INPUT:
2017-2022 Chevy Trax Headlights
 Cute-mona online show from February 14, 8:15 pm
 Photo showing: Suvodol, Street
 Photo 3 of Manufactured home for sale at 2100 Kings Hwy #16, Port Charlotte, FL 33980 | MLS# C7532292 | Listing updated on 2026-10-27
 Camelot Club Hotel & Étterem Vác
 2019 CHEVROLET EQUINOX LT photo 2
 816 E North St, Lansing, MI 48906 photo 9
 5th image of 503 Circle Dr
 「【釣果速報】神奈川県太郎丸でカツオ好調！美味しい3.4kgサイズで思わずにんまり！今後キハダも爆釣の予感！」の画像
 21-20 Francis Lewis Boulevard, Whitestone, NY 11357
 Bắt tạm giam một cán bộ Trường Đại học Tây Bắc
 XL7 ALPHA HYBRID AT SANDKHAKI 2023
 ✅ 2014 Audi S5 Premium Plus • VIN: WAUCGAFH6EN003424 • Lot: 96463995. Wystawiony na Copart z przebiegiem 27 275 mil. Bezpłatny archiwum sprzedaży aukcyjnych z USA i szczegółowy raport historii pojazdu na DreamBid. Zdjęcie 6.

WHAT TO DO:
Copy the lines of the data above exactly as written, beginning with the line containing "Photo 3 of Manufactured" and ending with the line containing "Bắt tạm giam", and leave out all other lines.

ANSWER TO THE EXERCISE:
 Photo 3 of Manufactured home for sale at 2100 Kings Hwy #16, Port Charlotte, FL 33980 | MLS# C7532292 | Listing updated on 2026-10-27
 Camelot Club Hotel & Étterem Vác
 2019 CHEVROLET EQUINOX LT photo 2
 816 E North St, Lansing, MI 48906 photo 9
 5th image of 503 Circle Dr
 「【釣果速報】神奈川県太郎丸でカツオ好調！美味しい3.4kgサイズで思わずにんまり！今後キハダも爆釣の予感！」の画像
 21-20 Francis Lewis Boulevard, Whitestone, NY 11357
 Bắt tạm giam một cán bộ Trường Đại học Tây Bắc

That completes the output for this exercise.